We have a list of investors with amounts assigned to each. The total of amounts should be equal to another total, but sometimes there are a couple of cents of difference, so we use different algorithms to assign these differences to each investor.
The current code is something like this:
public void Round(IList<Investors> investors, Enum algorithm, [here goes a list of many parameters]) {
// some checks and logic here - OMMITED FOR BREVITY
// pick method given algorithm Enum
if (algoritm == Enum.Algorithm1) {
SomeStaticClass.Algorithm1(investors, remainders, someParameter1, someParameter2, someParameter3, someParameter4)

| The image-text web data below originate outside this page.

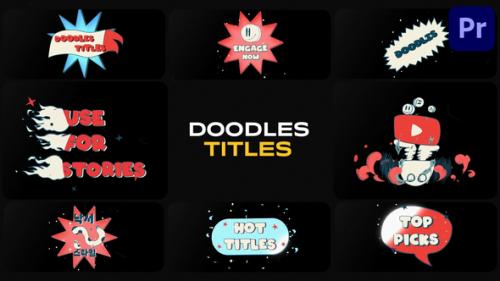 Cartoon Doodles Titles for Premiere Pro - 53798843
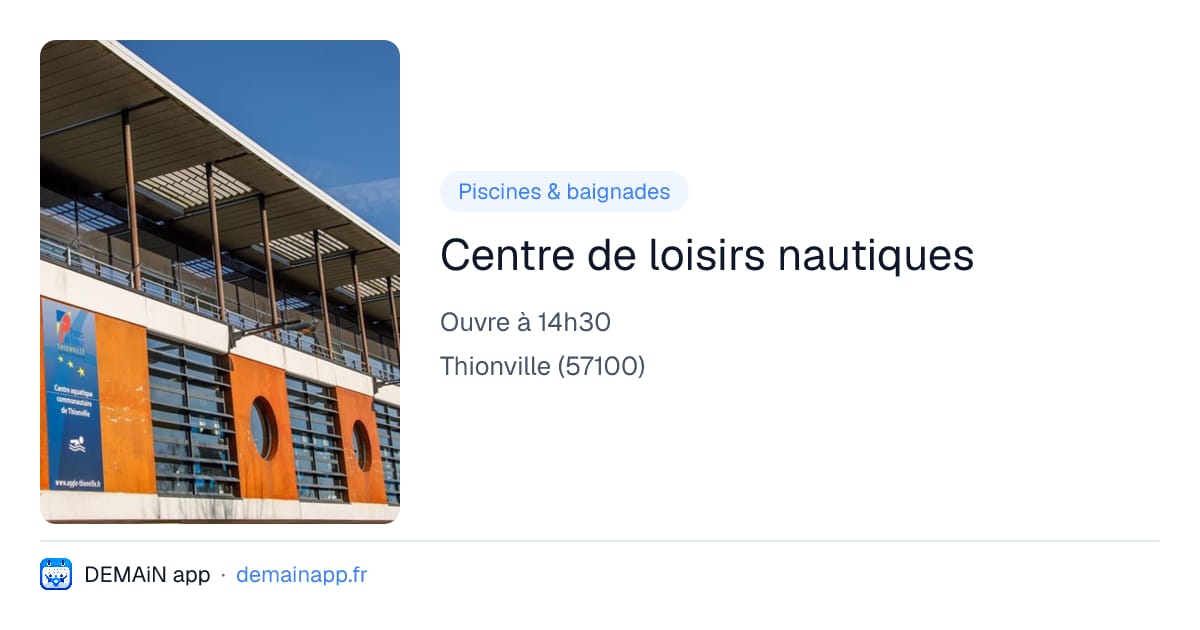 Centre de loisirs nautiques — Thionville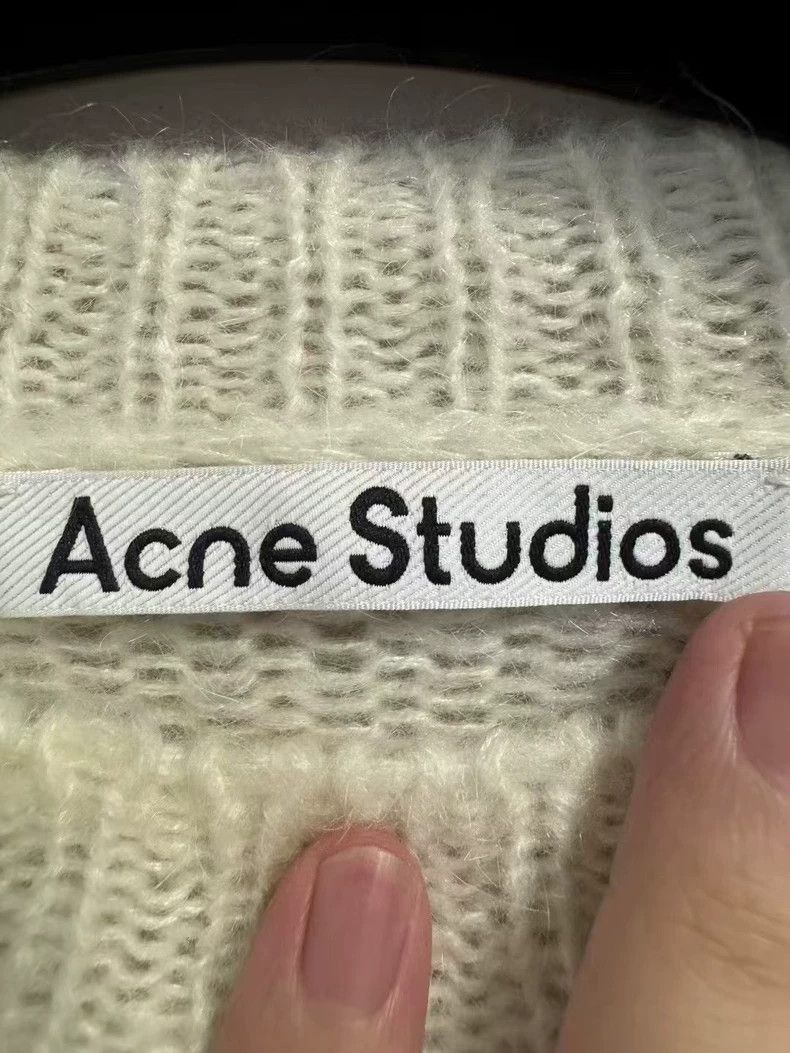 Acne Studios Green and White Striped Knit Sweater Size XS / US 0-2 / IT 36-38 - 3 Thumbnail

} else if (algoritm == Enum.Algorithm2) {
SomeStaticClass.Algorithm2(investors, remainders, someParameter3)
}
}
so far we only have two algorithms. I have to implement the third one. I was given the possibility to refactor both existing implementations as well as do some generic code to make this function for future algorithms, maybe custom to each client.
My first thought was "ok, this is a strategy pattern". But the problem I see is that both algorithms receive a different parameter list (except for the first two). And future algorithms can receive a different list of parameters as well. The only thing in "common" is the investor list and the remainders.
How can I design this so I have a cleaner interface?
I thought of
Establishing an interface with ALL possible parameters, and share it
among all implementations.
Using an object with all possible parameters as properties, and use that generic object as part of the interface. I
would have 3 parameters: The list of investors, the remainders object, and a "parameters" object. But in this case, I have a similar problem. To instantiate each object and fill the required properties depends on the algorithm (unless I set all of them). I
would have to use a factory (or something) to instantiate it, using all parameters in the interface, am I right? I would be moving the problem of too many parameters to that "factory" or whatever.
Using a dynamic object instead of a statically typed object. Still
presents the same problems as before, the instantiation
I also thought of using the Visitor Pattern, but as I understand, that would be the case if I had different algorithms for different entities to use, like, another class of investors. So I don't think it is the right approach.
So far the one that convinces me the most is the second, although I am still a bit reticent about it.
Any ideas?
Thanks
Strategy has different implementations. Its straightforward when all alternate Concrete Strategies require same type signature. But when concrete implementations start asking for different data from Context, we have to gracefully take a step back by relaxing encapsulation ("breaking encapsulation" is known drawback of strategy), either we can pass Context to strategies in method signature or constructor depending upon how much is needed.
By using interfaces and breaking big object trees in to smaller containments we can restrict the access to most of the Context state.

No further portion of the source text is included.